*** Data extract

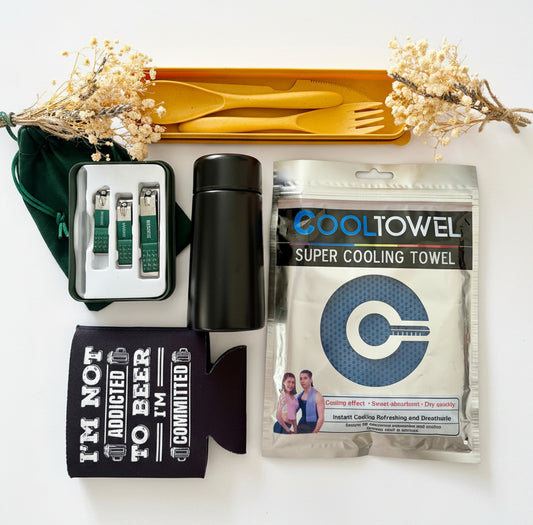 The Weekend Man – Mini Men’s Gift Box
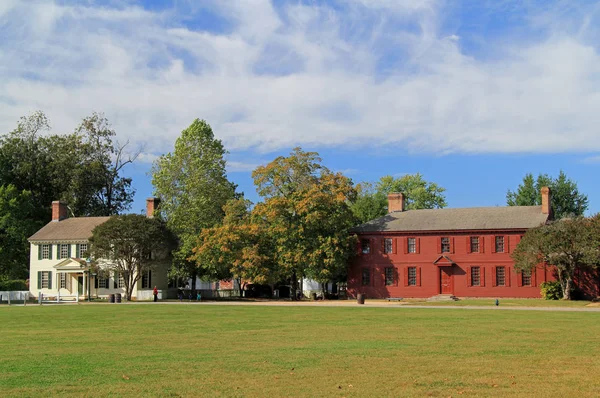 Peyton Randolph Home — Foto Stock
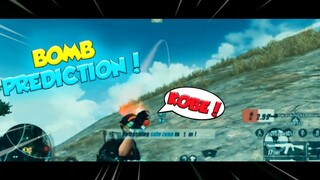GRENADE PREDICTION !" 300 IQ "(ROS Gameplay)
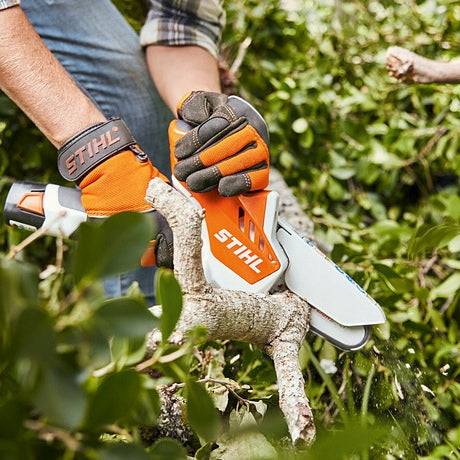STIHL akumuliatorinis mini pjūklas GTA 26 komplektas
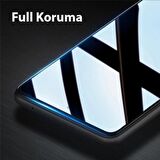 Coofbe 9H 0.3MM İnce Full HD Cam Xiaomi Xiaomi Redmi 11A 12C Ekran Koruyucu Poco C55 Ekran Koruyucu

******

Try it >> Reproduce exactly, and only, the lines from the one holding "STIHL akumuliatorinis mini" through the final line of the entries. Do not include the pictures.

Expected output >>
STIHL akumuliatorinis mini pjūklas GTA 26 komplektas
 Coofbe 9H 0.3MM İnce Full HD Cam Xiaomi Xiaomi Redmi 11A 12C Ekran Koruyucu Poco C55 Ekran Koruyucu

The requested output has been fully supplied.